→ **Input records**:

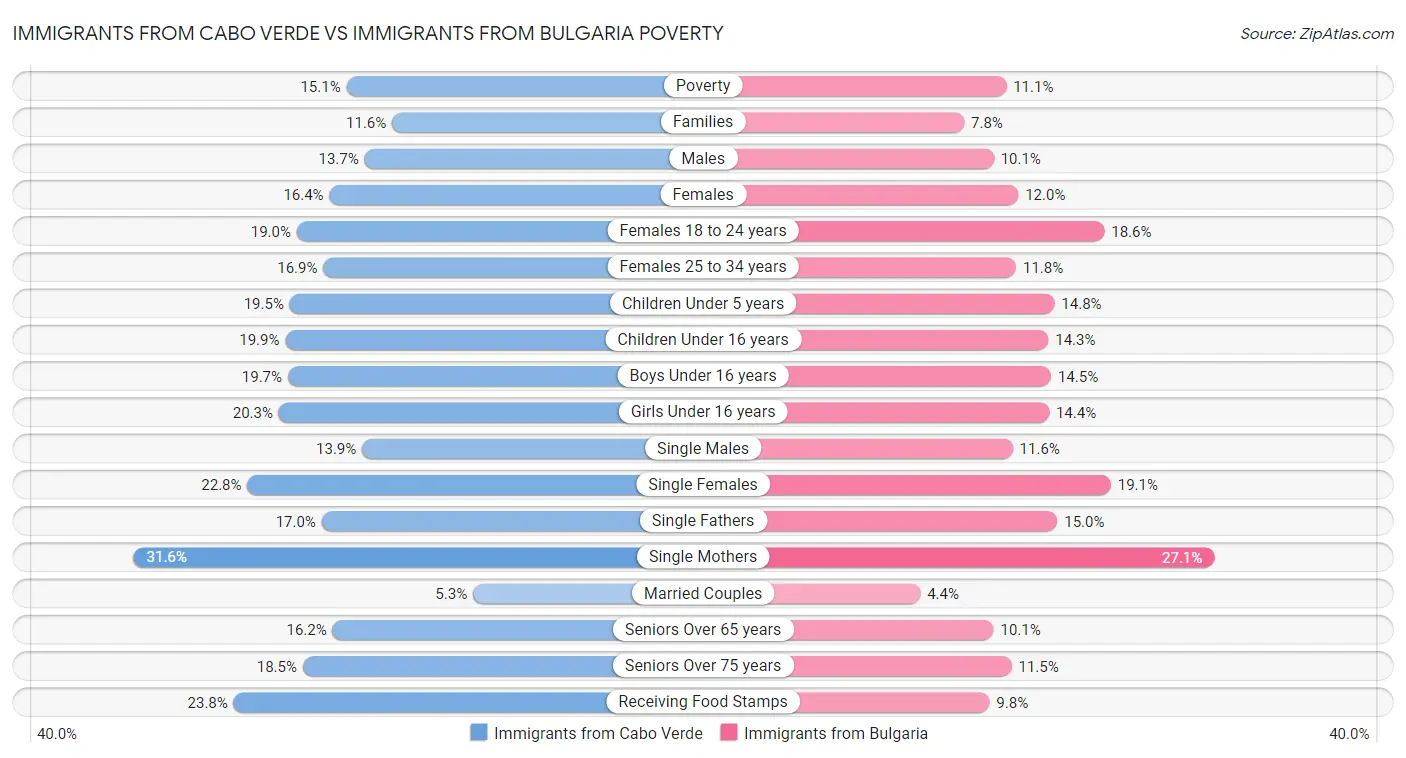 Immigrants from Cabo Verde vs Immigrants from Bulgaria Poverty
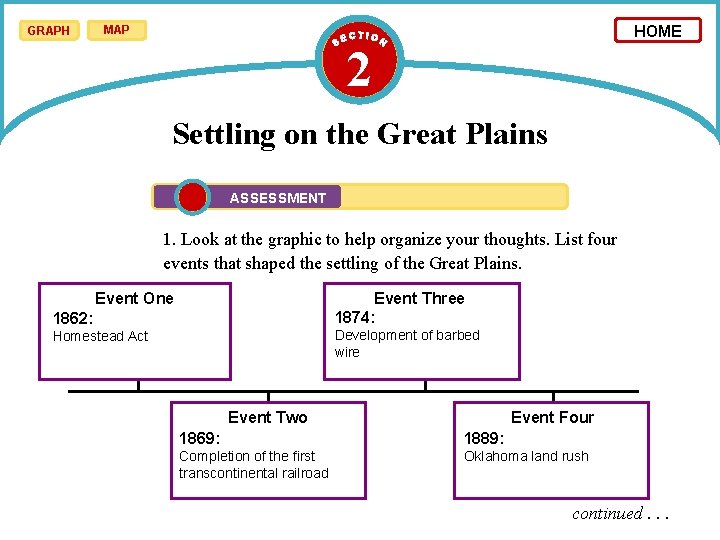 GRAPH HOME MAP 2 Settling on the Great Plains ASSESSMENT 1. Look at the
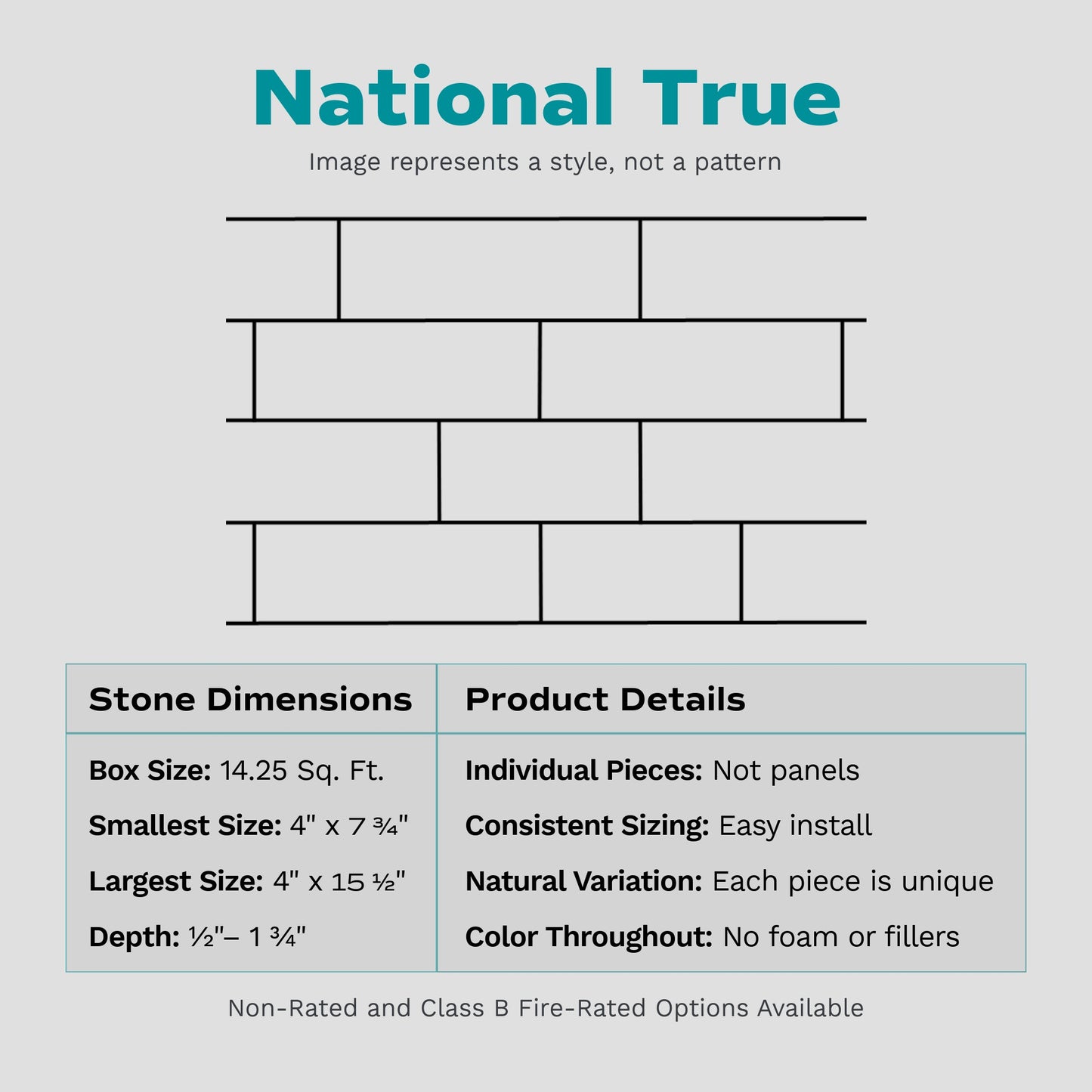 Evolve Stone National True Stone Veneer (14.25 sq. ft. per box)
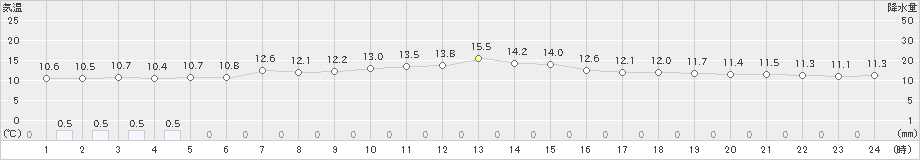 夕張(>2021年05月24日)のアメダスグラフ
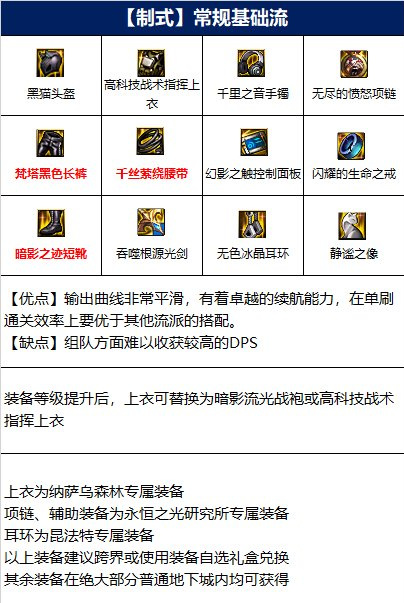 地下城与勇士110剑魂基础精通流什么意思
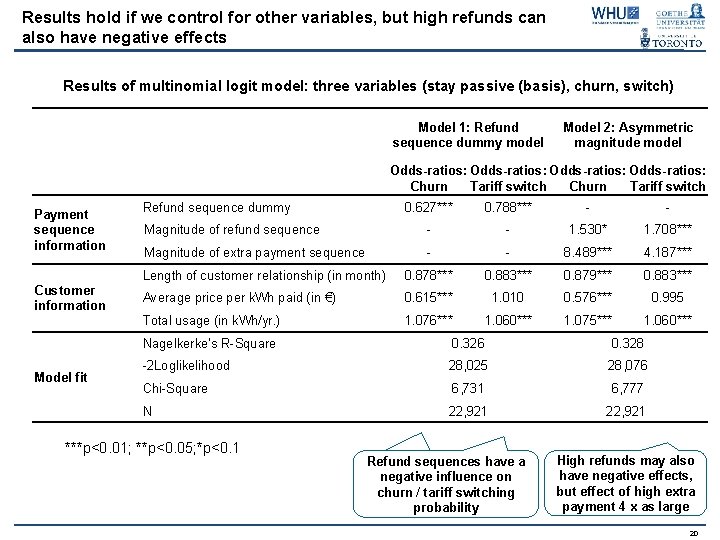 Results hold if we control for other variables, but high refunds can also have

→ **What the exercise asks**:
Restate all of the material above word for word. Pictures do not belong in it.

→ **Problem solution**:
 Immigrants from Cabo Verde vs Immigrants from Bulgaria Poverty
 GRAPH HOME MAP 2 Settling on the Great Plains ASSESSMENT 1. Look at the
 Evolve Stone National True Stone Veneer (14.25 sq. ft. per box)
 夕張(>2021年05月24日)のアメダスグラフ
 地下城与勇士110剑魂基础精通流什么意思
 Results hold if we control for other variables, but high refunds can also have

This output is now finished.